* Aim of the exercise: Retype the whole listing below, character for character.

Data segment START

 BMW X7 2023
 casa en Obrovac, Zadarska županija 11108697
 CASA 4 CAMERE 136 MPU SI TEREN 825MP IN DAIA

Data segment END

* Solution for this problem:
 BMW X7 2023
 casa en Obrovac, Zadarska županija 11108697
 CASA 4 CAMERE 136 MPU SI TEREN 825MP IN DAIA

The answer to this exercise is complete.